Empezamos a desarrollar con un poco más de detalle cada uno de los puntos que enunciábamos en el post anterior y que identificamos con las fases de la gestión del cambio.

Comenzamos, lógicamente, con los motivos para abordar el cambio, esto es, la identificación de la situación que debemos modificar. El diagnóstico de la situación insatisfactoria será, por tanto, el primer tema a abordar; diagnóstico que debe ser completo y certero porque de él depende la efectividad y utilidad del cambio que llevaremos a cabo.

Este diagnóstico debería contemplar (de acuerdo con Collorette y Delisle, 1998):

–          Identificar y definir la situación insatisfactoria (mejorable) y cuáles son los aspectos que la describen.

–          Comprobar la magnitud de la diferencia entre las situación insatisfactoria y la situación deseada, lo que exige, lógicamente, conocer con antelación nuestro objetivo, la situación que queremos alcanzar. El cambio tiene que abordarse para alcanzar un objetivo (“si no sabes adónde vas, cualquier camino sirve”).
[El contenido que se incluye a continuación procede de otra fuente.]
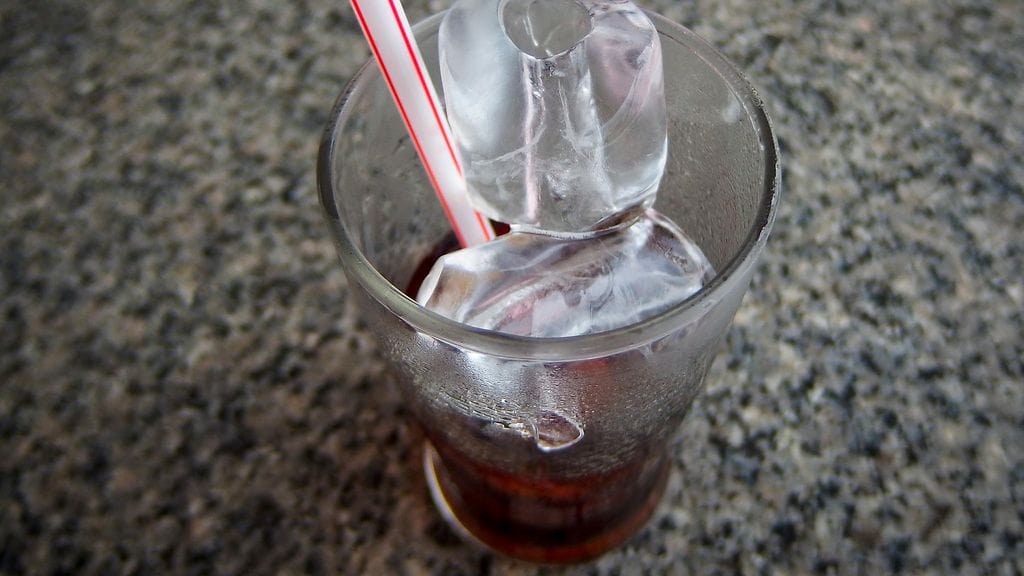 Keinotekoisilla makeutusaineilla pyritään usein hillitsemään kalorinsaantia.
–          Analizar y explicar estas diferencias, tanto para asegurar la necesidad del cambio como para conseguir que su puesta en marcha incorpore al mayor número de prescriptores posibles. Y esto tanto dentro como fuera de la empresa.

–          Identificar la percepción que tienen los individuos, colectivos y organizaciones afectados. Son a esos colectivos a los que más tiempo tenemos que dedicar para explicar y tratar de convencer de la necesidad del cambio, así como de la importancia de su implicación en el proceso, cuando eso sea posible.

–          Considerar los recursos disponibles dentro del sistema.

–          Identificar las habilidades necesarias de los agentes de cambio, e identificar, formar y comprometer en profundidad a esos agentes.

–          Determinar la permeabilidad del sistema a la transformación, teniendo en cuenta que cuando la situación insatisfactoria dificulta seriamente nuestra capacidad de competir, el cambio puede ser imprescindible, lo que exigirá mayores o menores esfuerzos en la implantación, pero es necesario abordarlo.

Termino este post con una frase acuñada hace ya algunos años en el Banco de América Central – BAC Credomatic, y que en algún otro momento se ha utilizado en este blog: “Es posible cambiar y no crecer, pero es imposible crecer sin cambiar”.